英国音楽は尾高

数日間サボって周回遅れになっていたプロムス観戦、何とか追い付いてきたようです。今日は8月5日、我が尾高忠明が古巣BBCウェールズ管を振ったオール・イギリス作品のプログラム。

8月5日 ≪Prom 26≫
ウォルトン/「スピットファイア」前奏曲とフーガ
ヴォーン=ウィリアムス/コンチェルト・アカデミコ
グレース・ウイリアムズ Grace Williams/Fairest of Stars
     ~休憩~
エルガー/序曲「フロワサール」
ウォルトン/交響曲第2番
 BBCウェールズ・ナショナル・オーケストラ
 指揮/尾高忠明
 ヴァイオリン/クロエ・ハンスリップ Chloe Hanslip
 ソプラノ/アイリシュ・タイナン Ailish Tynan

プロムスには20年来出演し続けている尾高、「オダカ」と濁るのが正しい表記ですが、英国では専ら「オタカ」と発音されています。これに付いてはかつてマエストロサロンで、濁るよりも「OTAKA」と澄んで発音した方が英国では親しみ易いとアドヴァイスされ、これで通していると訊いた聴いた覚えがあります。
もちろんマエストロの英国初登場の頃の逸話で、未だ中ストロ、なんて駄洒落を言っていた頃の話。そもそも忠さん、初めてイギリスに行った頃はエルガーが好きになれず、ファックスの遣り取りでも「Elger」と書いて注意されたという昔話も披露してくれましたっけ。それが今や英国音楽なら尾高、それがロンドンでも当たり前の評価になっているのですから、大したものです。

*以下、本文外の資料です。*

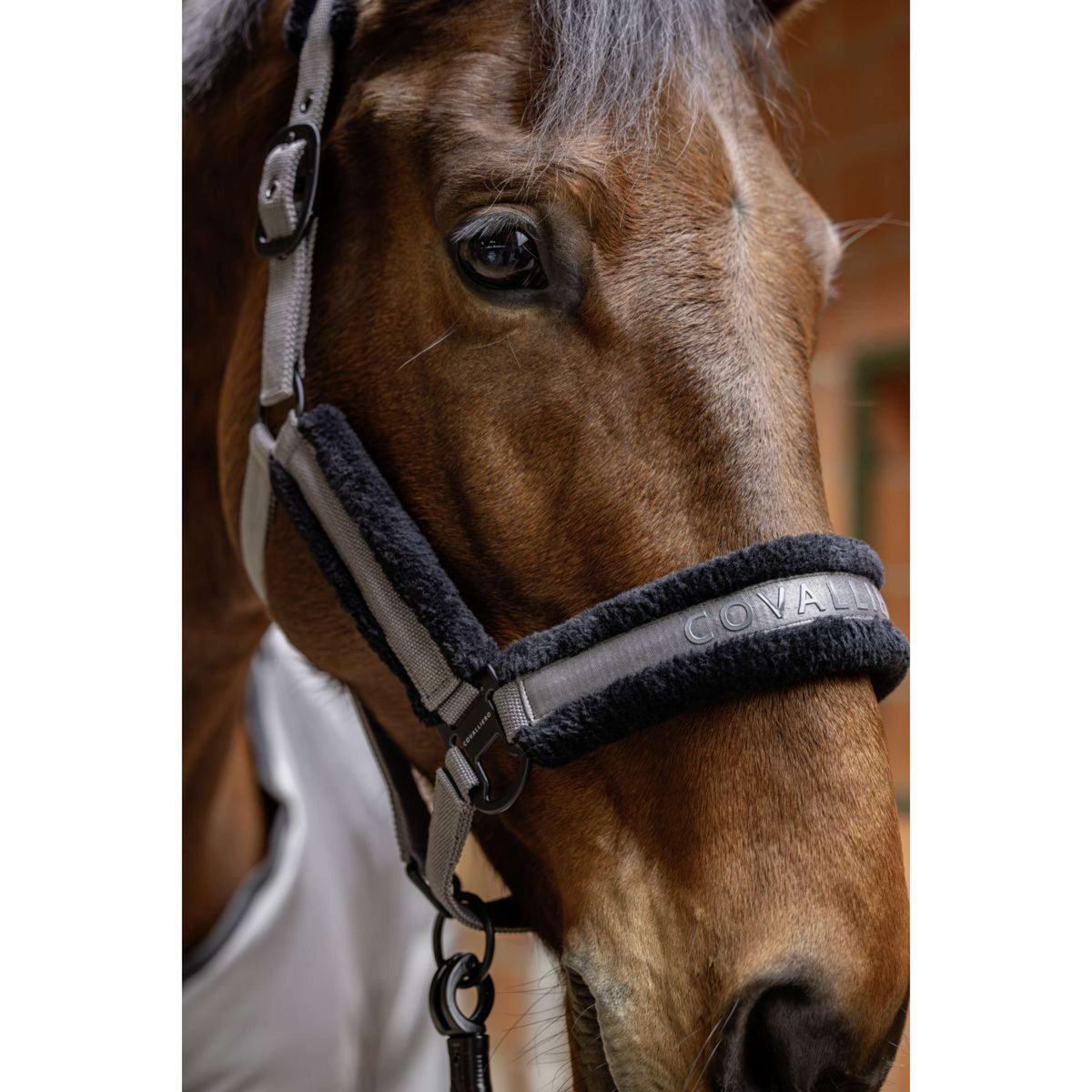 Covalliero Halster AW25 Steel Grey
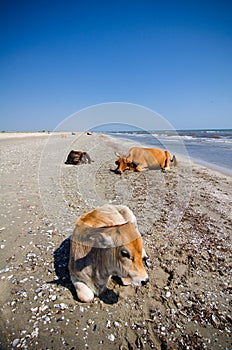 Cows sunbathing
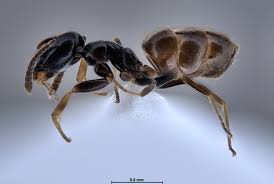 Image result for Thesium pygmaeum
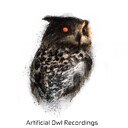 ArtificialOwlRecordings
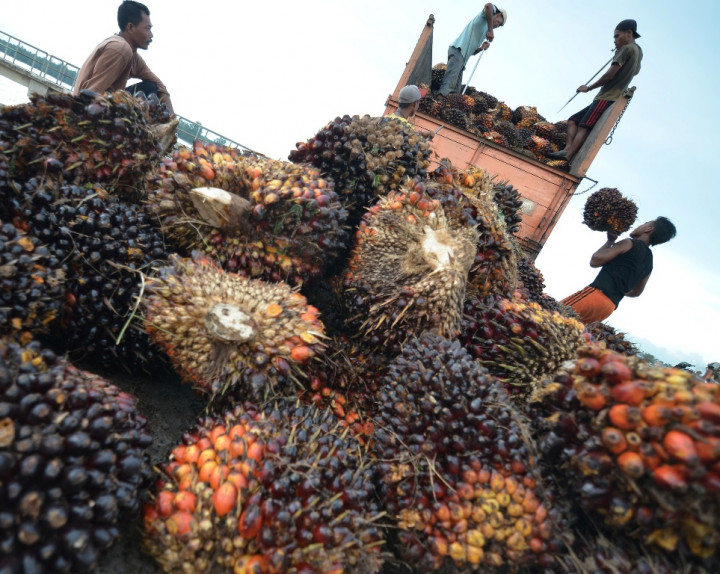 <i>Roadmap</i> Pengembangan BBN Biodiesel Harus Jelas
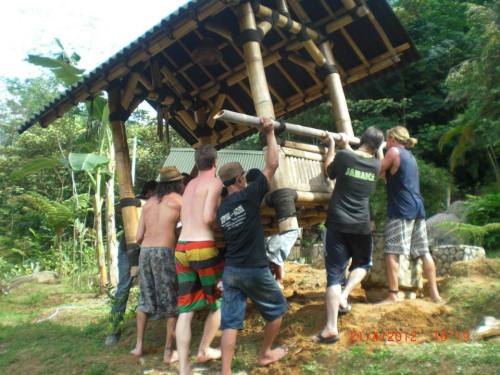 bamboo village kuala lumpur volunteers wwoofers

今回は前半が比較的珍しい作品、後半は堂々たる英国の管弦楽名作を並べてプロムスっ子を沸かせました。

その前半、残念ながら私は全てスコアを所持しておらず、純粋に音だけで楽しみました。ウォルトンは第2次大戦中の映画に付けた音楽で、当時イギリスと日本は敵対関係。戦後70年で日英合作の演奏が実現するとは、ウォルトンも想像できなかったでしょう。
2曲目はヴァイオリンと弦合奏によるヴァイオリン協奏曲。伝統的な3楽章から成る作品で、今回は若手も若手、クロエ嬢の素晴らしいソロが聴けます。

何とアンコールも弦楽合奏が参加し、日本でも定番の「愛の挨拶」。かつてロッホランが、これをアンコールする習慣はイギリスには無い、良いアイディアだと語っていたのを思い出しました。これも日本の知恵がイギリスに受け入れられたということでしょう。

前半の最後は、1906年ウェールズ生まれのグレース・ウイリアムズの作品。ミルトンの失楽園第5巻にテキストを取った作品で、ソプラノ独唱と管弦楽のための歌曲集。そもそもBBCウェールズ管の委嘱によって生まれた作品です。
来年は生誕110年となるウイリアムズ、プロムスでも纏めて作品を取り上げる計画なのだそうです。日本では先ず絶対に聴けない作曲家でしょう。交響曲は2曲、ヴァイオリン協奏曲、トランペット協奏曲などが残されています。

後半は、如何にも尾高らしい加熱し過ぎない秀演。